A differenza di altri competitor, inclusi i nuovi attori emergenti dal mercato asiatico che mantengono in gamma vetture con motori termici, questa realtà si distingue come l'unico marchio cinese in Italia capace di scalare le classifiche senza fare affidamento sui combustibili fossili tradizionali. Questo posizionamento non solo evidenzia la solidità tecnologica del brand, ma lo pone in una posizione di superiorità strategica rispetto a chi deve ancora affrontare la complessa transizione energetica dei propri listini.
Numeri da record: la crescita esponenziale delle immatricolazioni
Il confronto con l'anno precedente lascia poco spazio alle interpretazioni. Se nel 2024 le immatricolazioni si erano fermate a quota 2.881, il dato complessivo del 2025 parla di un volume totale di 25.226 unità, segnando una crescita di circa 10 volte superiore rispetto all'esercizio precedente. La quota di mercato annuale si è attestata all'1,5%, ma è nel segmento specifico dei veicoli a Nuova Energia che il primato diventa assoluto.
Nel solo mese di dicembre, la quota di mercato in questo settore ha toccato il 15,4%, mentre su base annua si è consolidata al 12,3%, rendendo l'azienda il primo brand in Italia per questa categoria di veicoli. Particolarmente significativa è la performance registrata nel canale dei privati, un indicatore fondamentale che sottolinea il crescente apprezzamento e la fiducia dei cittadini italiani verso soluzioni di mobilità innovative e rispettose del clima. La capacità di attrarre l'utente finale, al di là delle flotte aziendali, è la prova provata della qualità percepita del prodotto.
La forza del network e la penetrazione nei mercati europei
Il successo italiano non è un caso isolato, ma si inserisce in una cornice di trionfi a livello continentale. In Europa, il marchio ha ottenuto risultati eccellenti nei quattro mercati principali. Nel Regno Unito, con circa 7.700 unità nel solo mese di dicembre, ha raggiunto una quota del 5,26%, entrando nella Top 10 inglese e registrando una crescita annua del 485%. In Germania, le oltre 4.100 unità di dicembre hanno contribuito a un totale annuo di 23.360 veicoli, con un incremento che supera l'incredibile soglia del 1.000% rispetto al 2024.

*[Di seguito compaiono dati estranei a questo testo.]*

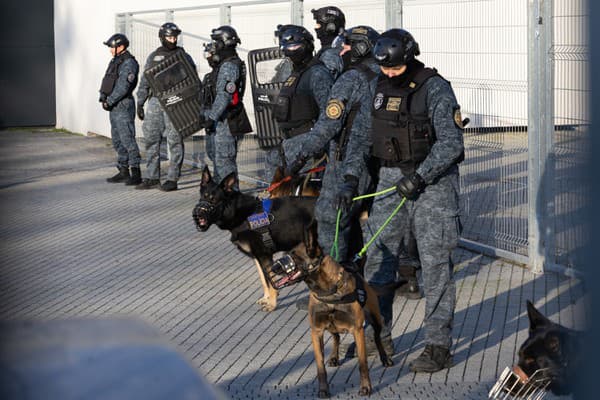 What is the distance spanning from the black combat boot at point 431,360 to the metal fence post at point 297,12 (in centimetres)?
706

Anche Spagna e Francia hanno contribuito pesantemente a questa marcia trionfale. Il mercato spagnolo ha visto il raggiungimento di oltre 25.500 unità annue, mentre in Francia la crescita è stata costante mese dopo mese, portando le immatricolazioni totali oltre quota 14.300. Questi dati confermano come il design europeo e l'affidabilità tecnologica stiano abbattendo ogni barriera culturale, rendendo i veicoli elettrificati del brand una scelta primaria per i conducenti di tutto il Vecchio Continente.
Strategia globale ed export: il futuro della mobilità elettrica
Un pilastro fondamentale per sostenere numeri di questa portata è rappresentato dalla potenza industriale e dalla capacità di esportazione. A dicembre 2025, il volume delle esportazioni di veicoli a nuova energia ha raggiunto le 133.172 unità, pari a oltre il 31% della produzione globale mensile del marchio. Si tratta di un incremento notevole rispetto alla media del 22% registrata nei precedenti undici mesi, a dimostrazione di come le operazioni internazionali stiano diventando il motore trainante dell'intera azienda.
L'espansione al di fuori della Cina non è solo una questione di volumi, ma di influenza globale. La capacità di scalare la produzione mantenendo standard qualitativi elevati permette di rispondere con rapidità alla domanda crescente di mercati come quello italiano. Con una gamma prodotti sempre più ricca e una rete di assistenza capillare, il 2026 si prospetta come l'anno della definitiva consacrazione per chi ha scelto di scommettere esclusivamente sull'energia pulita, trasformando la mobilità da semplice necessità a esperienza tecnologica d'avanguardia.